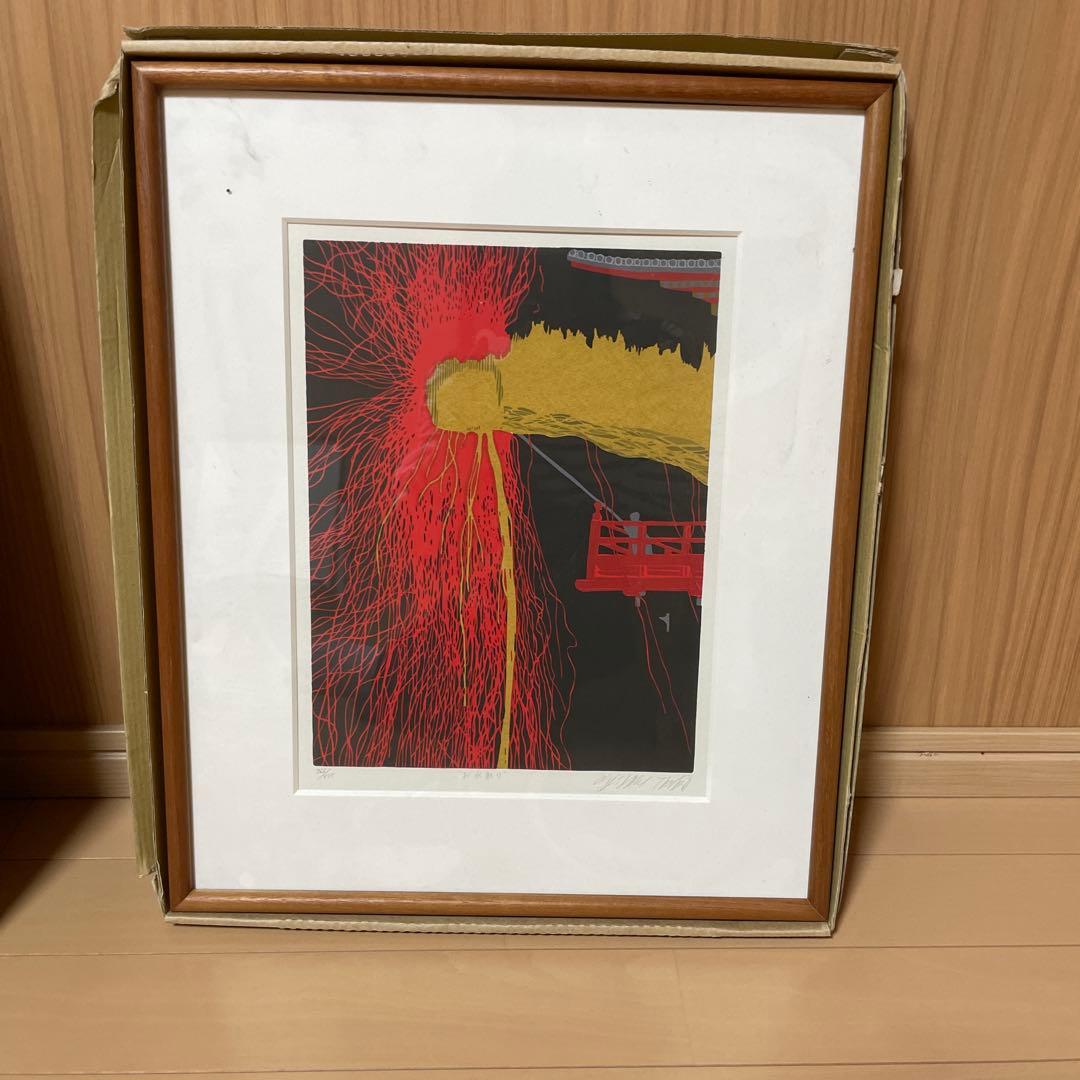 田中正秋　お水とり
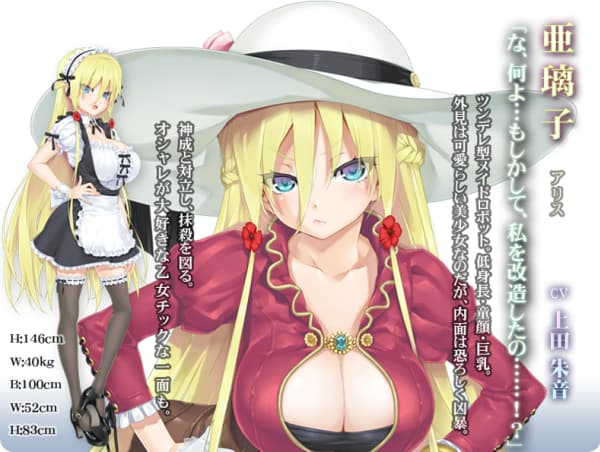 美少女万华镜3汉化版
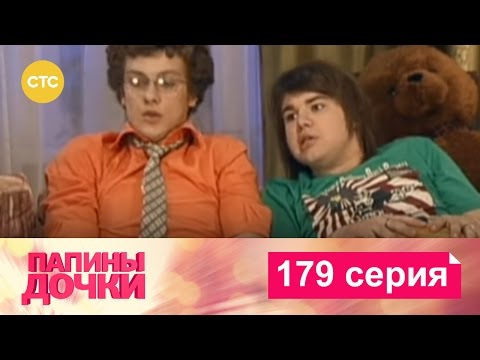 Папины дочки | Сезон 9 | Серия 179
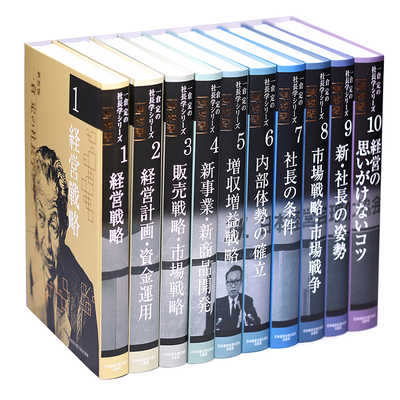 新装版  一倉定の社長学シリーズ全10巻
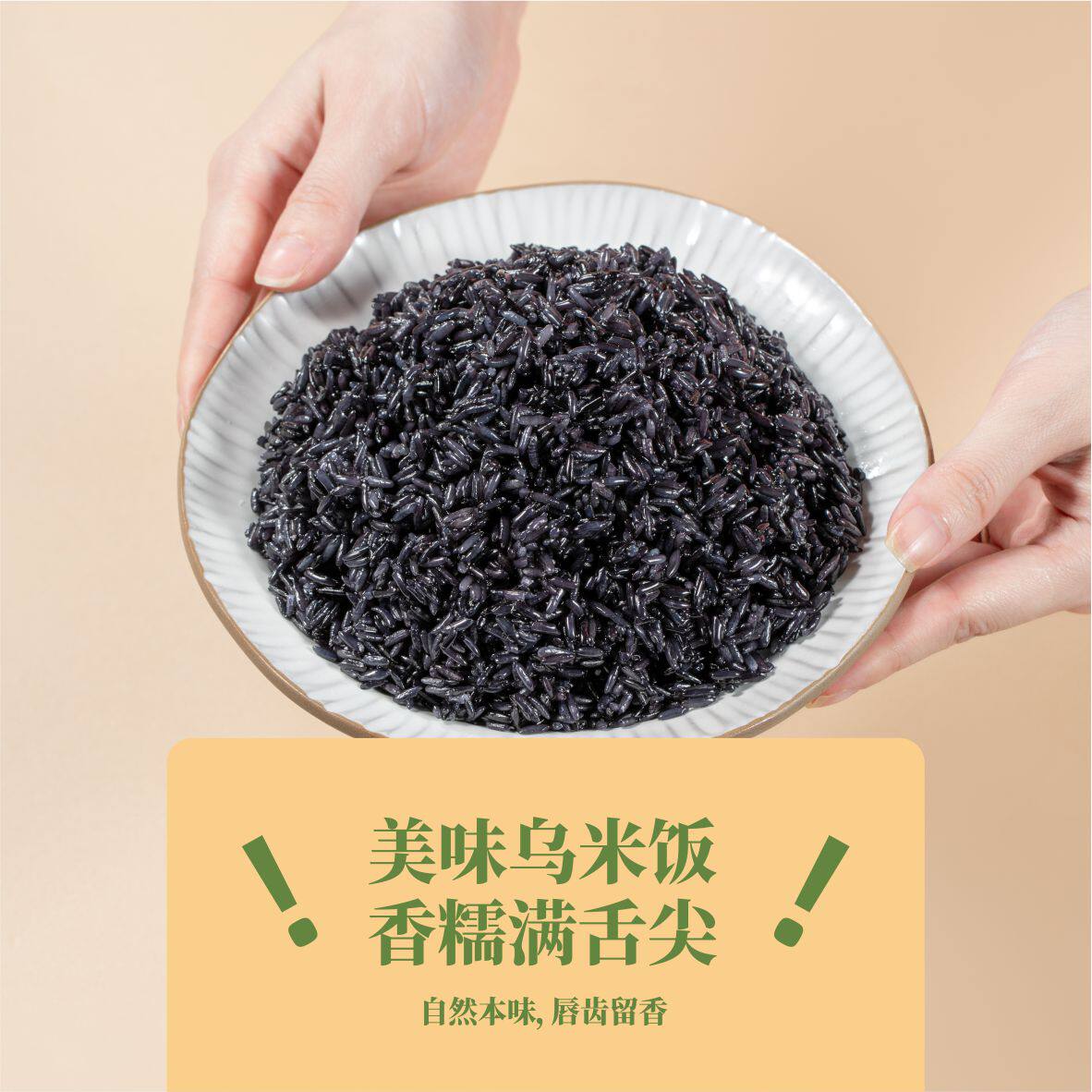 米小乌正宗乌米饭蒸煮即食糯米早餐饭团方便速食福建畲族非遗特色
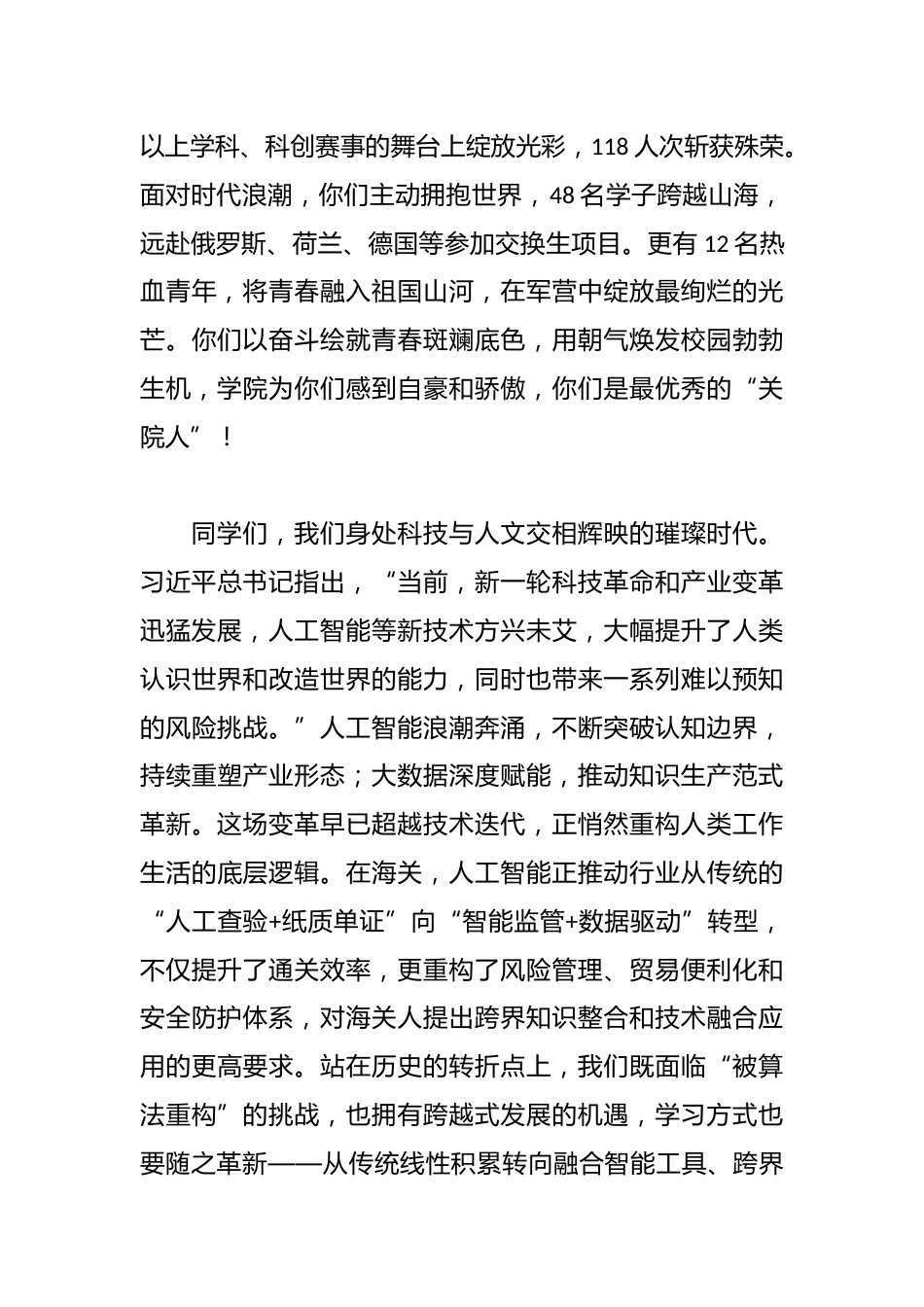 在2025年毕业典礼上的致辞:拥抱时代 创造未来_第3页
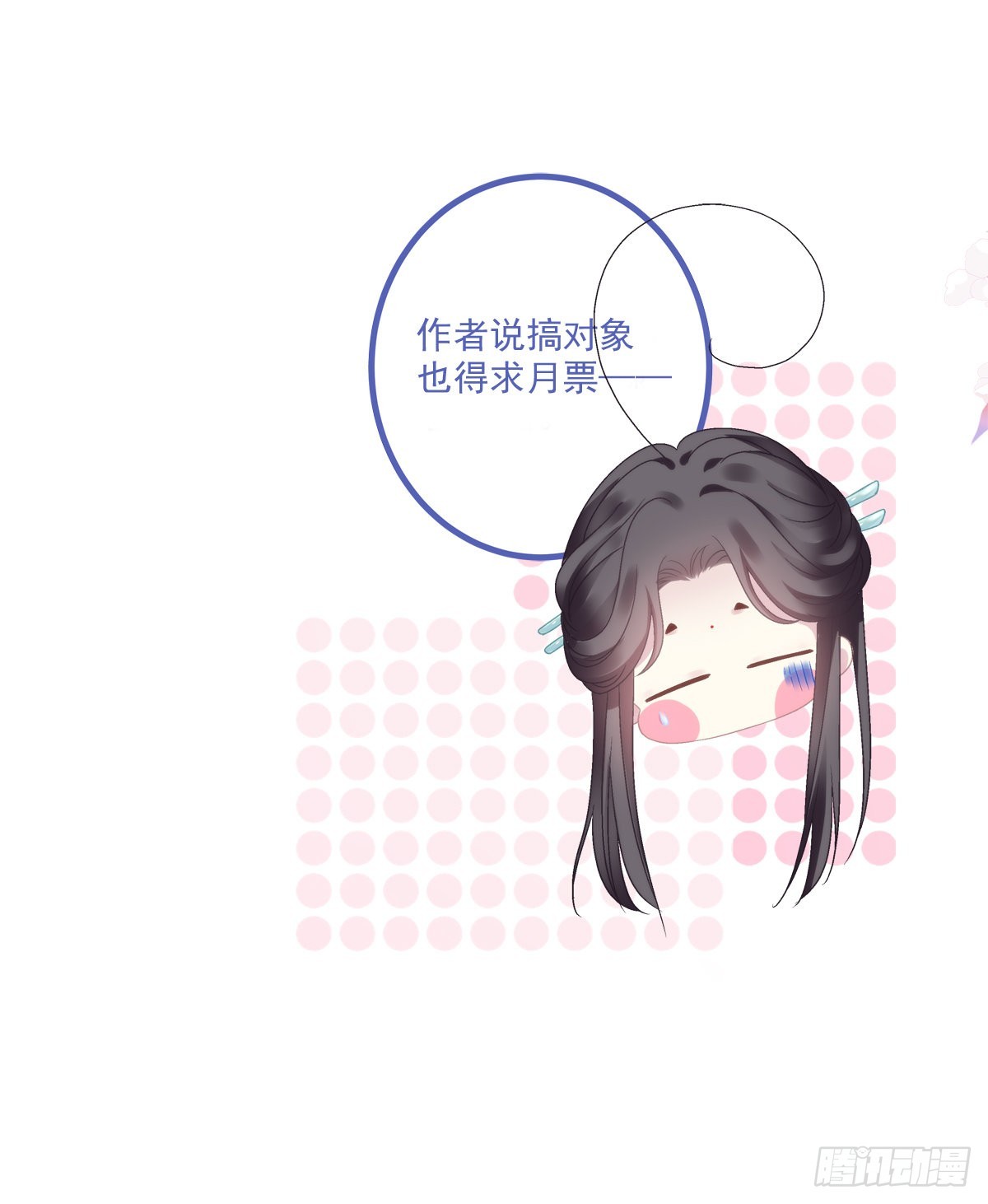 道尊心里有了人！33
..............................
(Your objective) Set out the material once more, exact in every line, with no images.

(Output of the task)
 田中正秋　お水とり
 美少女万华镜3汉化版
 Папины дочки | Сезон 9 | Серия 179
 新装版  一倉定の社長学シリーズ全10巻
 米小乌正宗乌米饭蒸煮即食糯米早餐饭团方便速食福建畲族非遗特色
 在2025年毕业典礼上的致辞:拥抱时代 创造未来_第3页
 道尊心里有了人！33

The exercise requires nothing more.